Batting eighth, Jorge Polanco - 2B
You thought we were just going to round this out with players who are already Yankees, didn't you, Squidward?
No, here's where the value of versatility returns (after far too long) to the New York Yankees. Sometimes, Donovan can occupy second. Sometimes LeMahieu can man the position. Peraza will get his cracks. And, often, it'll be Jorge Polanco, who the Twins have made extremely available.
When it doesn't have to be Gleyber Torres every single day, it gets a little easier to keep everyone fresh (stay tuned for the Dream Rotation).
The switch-hitting Polanco is reportedly available, along with Max Kepler, as the Twins attempt to slice payroll, too (because what else are you supposed to do after winning a playoff series for the first time in 20+ years?). The longtime Yankees tormentor hit 14 bombs with a 115 OPS+ last season, roughly equivalent to Torres' contributions (118).

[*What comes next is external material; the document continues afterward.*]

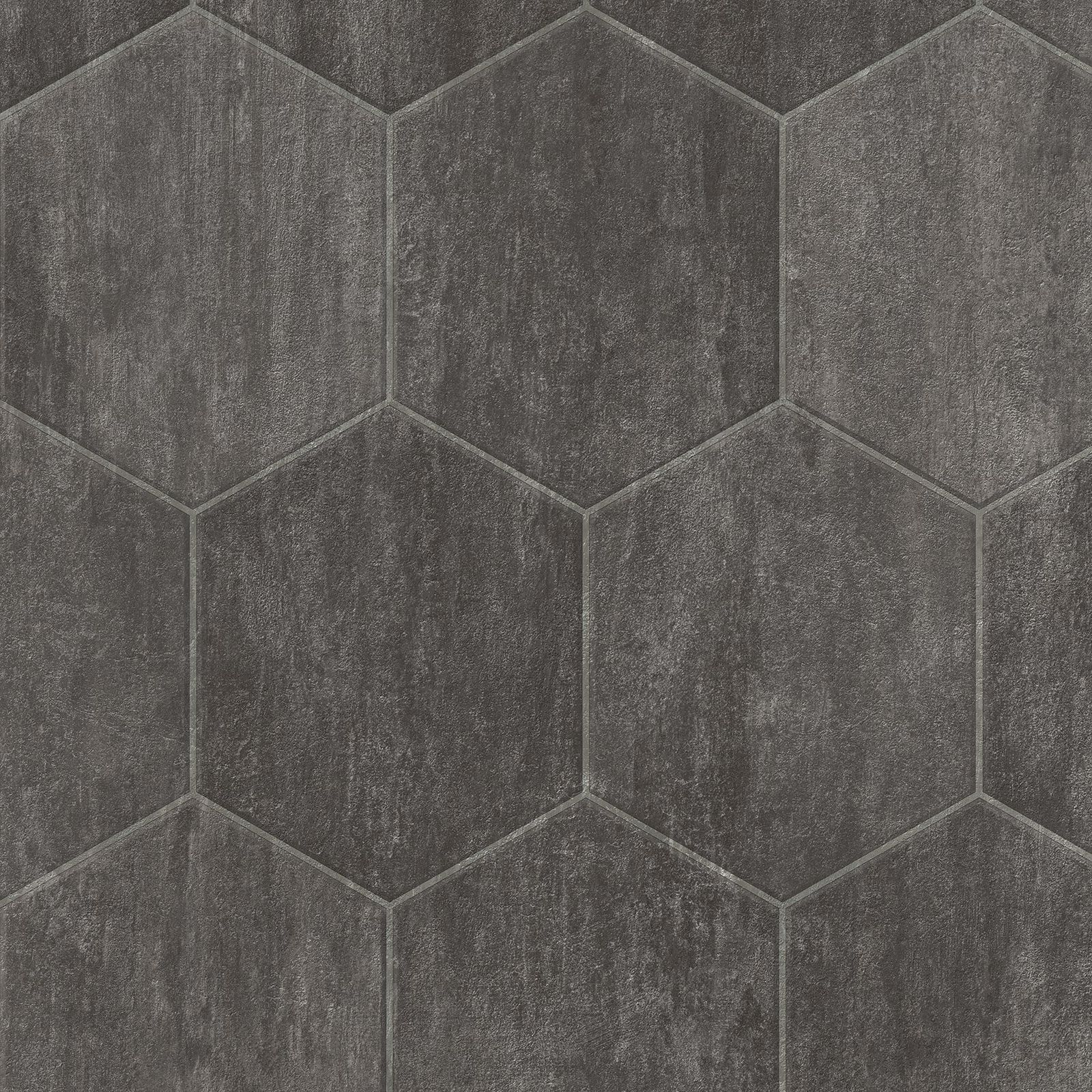 CushionStep | B3392Stone Hex Vinyl Sheet - Slate Gray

He's got an option year for 2025, and turned 30 last July. It could be a very fun two years with Polanco before he cashes in one more time, a far easier decision than Torres' dangling arbitration headaches.
Batting ninth, Austin Wells - C
Jose Trevino will get a fair degree of opportunities (preferably in the clutch), Ben Rortvedt can reset at Triple-A, and we thank Kyle Higashioka heartily for his endeavors.
But this is Wells' job, especially after the lefty slugger found a late power surge in September, just after Yankee fans stopped being en-masse bummed about the loss of The Martian. Wells shook off a slower than slow start to post a small-sample-size 97 OPS+ with four bombs, 13 RBI and only 14 strikeouts in 75 plate appearances.
The Yankees have an All-Star, Platinum Glove caddy behind him, but Wells did nothing to lose first-team reps in his September cameo.